Operation on diagonals of matrix batch

calincru · July 16, 2019, 6:49pm

I have two tensors with shapes [n, d, d] and [n, 1], respectively, and I would like to add the latter to the diagonals of the matrices in the former. What’s the most straightforward way of doing it? It shouldn’t be in-place.

LE: I’m curious if there’s a better way than stacking torch.eyes.

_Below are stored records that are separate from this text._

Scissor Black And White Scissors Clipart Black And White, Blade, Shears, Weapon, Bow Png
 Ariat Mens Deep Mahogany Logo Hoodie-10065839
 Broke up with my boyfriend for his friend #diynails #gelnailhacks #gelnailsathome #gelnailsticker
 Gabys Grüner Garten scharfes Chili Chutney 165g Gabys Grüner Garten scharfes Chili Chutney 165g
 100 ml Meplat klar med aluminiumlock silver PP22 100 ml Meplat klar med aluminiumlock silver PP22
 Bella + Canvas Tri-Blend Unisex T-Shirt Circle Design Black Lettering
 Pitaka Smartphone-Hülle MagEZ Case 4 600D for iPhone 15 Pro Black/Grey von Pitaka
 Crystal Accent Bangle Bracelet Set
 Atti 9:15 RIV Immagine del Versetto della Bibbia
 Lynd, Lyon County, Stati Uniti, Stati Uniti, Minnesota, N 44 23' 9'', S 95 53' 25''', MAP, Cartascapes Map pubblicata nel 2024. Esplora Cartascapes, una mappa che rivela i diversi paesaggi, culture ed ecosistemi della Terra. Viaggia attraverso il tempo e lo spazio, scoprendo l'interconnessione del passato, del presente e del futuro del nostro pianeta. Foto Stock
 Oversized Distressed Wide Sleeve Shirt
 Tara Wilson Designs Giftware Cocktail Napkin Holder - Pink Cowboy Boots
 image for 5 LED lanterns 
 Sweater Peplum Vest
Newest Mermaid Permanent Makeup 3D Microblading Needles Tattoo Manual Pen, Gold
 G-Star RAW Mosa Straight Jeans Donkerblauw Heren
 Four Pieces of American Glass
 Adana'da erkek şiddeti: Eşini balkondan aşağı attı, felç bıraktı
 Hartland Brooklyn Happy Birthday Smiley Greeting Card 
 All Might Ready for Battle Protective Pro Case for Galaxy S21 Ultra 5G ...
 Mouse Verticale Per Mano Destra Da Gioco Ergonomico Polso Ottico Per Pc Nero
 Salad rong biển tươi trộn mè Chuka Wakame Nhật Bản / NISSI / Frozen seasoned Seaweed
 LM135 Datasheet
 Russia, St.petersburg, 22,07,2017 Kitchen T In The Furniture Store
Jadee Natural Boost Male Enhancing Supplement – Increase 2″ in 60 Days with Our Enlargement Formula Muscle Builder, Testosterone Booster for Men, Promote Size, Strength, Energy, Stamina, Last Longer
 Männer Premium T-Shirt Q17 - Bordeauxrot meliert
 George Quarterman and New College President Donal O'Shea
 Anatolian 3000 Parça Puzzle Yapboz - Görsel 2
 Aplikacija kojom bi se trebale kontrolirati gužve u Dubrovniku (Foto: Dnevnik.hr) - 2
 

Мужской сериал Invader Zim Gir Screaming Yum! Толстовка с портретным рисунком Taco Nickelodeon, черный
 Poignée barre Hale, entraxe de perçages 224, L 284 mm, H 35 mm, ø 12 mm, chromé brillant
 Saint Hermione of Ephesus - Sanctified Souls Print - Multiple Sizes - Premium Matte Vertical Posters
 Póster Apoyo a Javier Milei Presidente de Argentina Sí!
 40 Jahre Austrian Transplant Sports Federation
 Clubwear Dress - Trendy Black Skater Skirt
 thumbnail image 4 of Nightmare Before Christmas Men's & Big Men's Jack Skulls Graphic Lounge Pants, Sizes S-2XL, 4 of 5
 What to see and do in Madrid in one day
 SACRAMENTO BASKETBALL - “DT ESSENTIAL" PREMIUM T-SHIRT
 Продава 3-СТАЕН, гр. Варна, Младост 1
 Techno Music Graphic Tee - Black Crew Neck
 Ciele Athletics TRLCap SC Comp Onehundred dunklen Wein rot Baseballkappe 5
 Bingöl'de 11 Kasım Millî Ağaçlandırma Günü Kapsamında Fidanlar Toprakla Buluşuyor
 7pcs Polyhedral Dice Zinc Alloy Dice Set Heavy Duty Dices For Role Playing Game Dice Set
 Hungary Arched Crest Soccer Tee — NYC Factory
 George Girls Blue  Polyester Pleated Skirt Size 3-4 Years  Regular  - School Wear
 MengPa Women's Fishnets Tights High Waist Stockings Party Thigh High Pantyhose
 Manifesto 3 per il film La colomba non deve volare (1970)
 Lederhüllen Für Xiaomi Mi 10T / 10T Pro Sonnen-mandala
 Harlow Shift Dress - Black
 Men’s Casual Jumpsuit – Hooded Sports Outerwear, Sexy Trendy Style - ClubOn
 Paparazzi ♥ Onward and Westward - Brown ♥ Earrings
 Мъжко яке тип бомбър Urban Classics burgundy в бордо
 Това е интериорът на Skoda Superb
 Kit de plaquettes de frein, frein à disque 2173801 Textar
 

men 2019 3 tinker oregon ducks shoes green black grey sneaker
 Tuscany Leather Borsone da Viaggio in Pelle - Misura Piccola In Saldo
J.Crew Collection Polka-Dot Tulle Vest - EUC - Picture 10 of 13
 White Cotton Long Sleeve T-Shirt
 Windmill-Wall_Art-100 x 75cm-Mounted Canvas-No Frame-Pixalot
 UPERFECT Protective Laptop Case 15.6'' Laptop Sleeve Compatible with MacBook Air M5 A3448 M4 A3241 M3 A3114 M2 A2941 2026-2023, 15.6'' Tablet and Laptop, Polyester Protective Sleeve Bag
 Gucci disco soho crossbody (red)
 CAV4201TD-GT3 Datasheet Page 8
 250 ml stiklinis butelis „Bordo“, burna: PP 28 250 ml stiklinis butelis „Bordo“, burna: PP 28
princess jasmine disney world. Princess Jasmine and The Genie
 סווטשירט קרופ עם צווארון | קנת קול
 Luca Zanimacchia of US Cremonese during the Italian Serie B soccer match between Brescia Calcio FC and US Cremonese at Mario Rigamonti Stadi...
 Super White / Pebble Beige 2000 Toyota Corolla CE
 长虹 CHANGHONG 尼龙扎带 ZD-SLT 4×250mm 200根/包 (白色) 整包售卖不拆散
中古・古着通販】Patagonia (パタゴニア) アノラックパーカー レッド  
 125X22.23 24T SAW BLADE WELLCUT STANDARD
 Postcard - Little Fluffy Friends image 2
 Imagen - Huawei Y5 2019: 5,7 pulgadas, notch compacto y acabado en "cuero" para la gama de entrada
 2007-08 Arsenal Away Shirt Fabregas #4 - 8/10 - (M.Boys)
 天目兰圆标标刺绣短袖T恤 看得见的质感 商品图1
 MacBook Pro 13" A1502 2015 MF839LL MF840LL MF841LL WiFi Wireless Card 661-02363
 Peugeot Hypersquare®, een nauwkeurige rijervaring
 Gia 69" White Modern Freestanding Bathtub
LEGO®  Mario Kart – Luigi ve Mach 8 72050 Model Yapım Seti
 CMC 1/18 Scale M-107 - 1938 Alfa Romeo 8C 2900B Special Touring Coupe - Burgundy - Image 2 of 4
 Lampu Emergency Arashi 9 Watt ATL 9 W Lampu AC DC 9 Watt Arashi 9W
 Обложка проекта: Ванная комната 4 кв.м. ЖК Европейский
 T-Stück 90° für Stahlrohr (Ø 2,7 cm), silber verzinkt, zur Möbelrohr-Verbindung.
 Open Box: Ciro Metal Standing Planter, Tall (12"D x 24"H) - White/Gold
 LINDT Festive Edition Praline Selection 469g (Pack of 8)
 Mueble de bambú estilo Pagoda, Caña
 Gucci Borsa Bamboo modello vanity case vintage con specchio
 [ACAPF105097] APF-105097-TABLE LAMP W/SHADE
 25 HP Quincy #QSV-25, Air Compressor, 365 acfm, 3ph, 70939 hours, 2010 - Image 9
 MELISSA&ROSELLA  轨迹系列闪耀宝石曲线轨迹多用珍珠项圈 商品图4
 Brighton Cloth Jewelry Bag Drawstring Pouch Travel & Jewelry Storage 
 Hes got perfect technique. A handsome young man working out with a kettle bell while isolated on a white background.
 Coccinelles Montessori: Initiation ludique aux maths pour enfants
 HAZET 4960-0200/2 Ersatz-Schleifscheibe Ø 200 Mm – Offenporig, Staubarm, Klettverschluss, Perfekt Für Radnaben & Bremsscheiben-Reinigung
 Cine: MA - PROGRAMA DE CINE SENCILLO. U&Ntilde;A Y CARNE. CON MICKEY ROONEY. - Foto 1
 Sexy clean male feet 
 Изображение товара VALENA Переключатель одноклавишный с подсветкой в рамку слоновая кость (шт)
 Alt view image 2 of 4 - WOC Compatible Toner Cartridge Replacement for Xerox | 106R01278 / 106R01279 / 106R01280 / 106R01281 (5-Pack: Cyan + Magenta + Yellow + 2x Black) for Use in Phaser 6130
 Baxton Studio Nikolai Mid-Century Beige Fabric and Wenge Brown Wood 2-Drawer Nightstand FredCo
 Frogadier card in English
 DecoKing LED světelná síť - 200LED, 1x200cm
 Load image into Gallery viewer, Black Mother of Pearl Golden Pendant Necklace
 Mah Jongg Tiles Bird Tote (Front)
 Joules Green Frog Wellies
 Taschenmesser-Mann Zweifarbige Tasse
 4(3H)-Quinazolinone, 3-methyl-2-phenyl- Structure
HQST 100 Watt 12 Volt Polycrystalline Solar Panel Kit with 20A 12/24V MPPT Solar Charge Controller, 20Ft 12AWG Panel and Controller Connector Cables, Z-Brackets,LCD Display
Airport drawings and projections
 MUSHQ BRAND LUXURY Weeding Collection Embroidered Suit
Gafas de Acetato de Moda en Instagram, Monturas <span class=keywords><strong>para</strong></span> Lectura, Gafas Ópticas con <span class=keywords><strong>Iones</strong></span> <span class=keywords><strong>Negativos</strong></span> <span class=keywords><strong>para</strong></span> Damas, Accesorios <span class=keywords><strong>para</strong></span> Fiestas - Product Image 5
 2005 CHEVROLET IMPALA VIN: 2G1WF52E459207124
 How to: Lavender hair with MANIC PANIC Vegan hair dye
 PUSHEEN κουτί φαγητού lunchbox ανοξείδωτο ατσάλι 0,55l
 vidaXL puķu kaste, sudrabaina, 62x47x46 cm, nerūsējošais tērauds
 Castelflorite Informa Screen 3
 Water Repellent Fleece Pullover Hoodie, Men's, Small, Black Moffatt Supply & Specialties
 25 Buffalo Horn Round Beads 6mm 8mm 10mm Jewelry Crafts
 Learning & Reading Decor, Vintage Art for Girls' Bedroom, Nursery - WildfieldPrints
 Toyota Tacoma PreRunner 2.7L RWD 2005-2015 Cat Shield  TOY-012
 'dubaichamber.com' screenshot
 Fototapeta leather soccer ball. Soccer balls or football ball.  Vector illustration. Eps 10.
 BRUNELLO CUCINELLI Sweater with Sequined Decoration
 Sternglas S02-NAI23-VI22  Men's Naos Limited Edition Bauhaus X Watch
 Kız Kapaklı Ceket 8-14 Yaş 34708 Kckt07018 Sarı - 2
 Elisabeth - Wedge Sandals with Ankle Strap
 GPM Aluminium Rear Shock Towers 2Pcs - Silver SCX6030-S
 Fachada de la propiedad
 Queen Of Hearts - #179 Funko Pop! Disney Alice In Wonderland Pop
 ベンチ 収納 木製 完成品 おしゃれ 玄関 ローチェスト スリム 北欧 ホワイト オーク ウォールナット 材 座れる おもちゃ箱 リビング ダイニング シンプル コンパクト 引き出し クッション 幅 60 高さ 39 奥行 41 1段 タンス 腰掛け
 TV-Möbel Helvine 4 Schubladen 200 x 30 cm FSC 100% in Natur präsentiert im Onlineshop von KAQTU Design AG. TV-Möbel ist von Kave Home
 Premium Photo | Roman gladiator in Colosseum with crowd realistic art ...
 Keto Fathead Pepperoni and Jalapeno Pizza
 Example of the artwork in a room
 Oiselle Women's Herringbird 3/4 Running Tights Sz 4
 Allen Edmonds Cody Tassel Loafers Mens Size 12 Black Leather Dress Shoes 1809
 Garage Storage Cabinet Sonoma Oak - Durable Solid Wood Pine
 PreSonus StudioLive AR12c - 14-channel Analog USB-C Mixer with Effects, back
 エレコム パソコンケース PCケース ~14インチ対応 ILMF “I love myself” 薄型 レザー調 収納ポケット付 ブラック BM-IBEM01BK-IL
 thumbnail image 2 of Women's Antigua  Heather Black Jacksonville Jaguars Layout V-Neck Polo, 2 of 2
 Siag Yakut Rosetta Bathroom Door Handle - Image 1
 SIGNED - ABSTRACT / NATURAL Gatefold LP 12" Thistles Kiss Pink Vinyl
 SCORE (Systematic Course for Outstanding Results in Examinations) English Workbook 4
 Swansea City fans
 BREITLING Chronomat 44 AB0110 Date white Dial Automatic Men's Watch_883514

tom · July 16, 2019, 7:29pm

I think inplace is the best way, but I’ll throw in a .clone(), so you get to keep the input:

a = torch.randn(5,4,4, requires_grad=True)
b = torch.randn(5,1, requires_grad=True) 
c = a.clone()
c.diagonal(dim1=-2, dim2=-1)[:]  +=  b

# backward works as expected:
c.sum().backward()
print(a.grad, b.grad) # ones_like(a) and full_like(b, 4)

Best regards

Thomas

calincru · July 16, 2019, 7:34pm

Thanks, @tom, looks good. BTW, the reason I wanted it to not be inplace was because I need it to be differentiable. Does backward work even if it’s inplace?

tom · July 16, 2019, 7:58pm

The rule of thumb is that inplace works unless it does not.

So the two things that usually break are

you move a leaf tensor into the graph (if you remove the cloning in above example - and cloning helps),
when a isn’t a leaf and whatever computed a wants to have a to compute the backward (cloning helps here, too).

So the conventional wisdom is to not use inplace ops, but looking deeper, it can usually be made to work. I always joke to write a non-deep-learning PyTorch book with @ptrblck where we would have a section on inplace ops.

Best regard

Thomas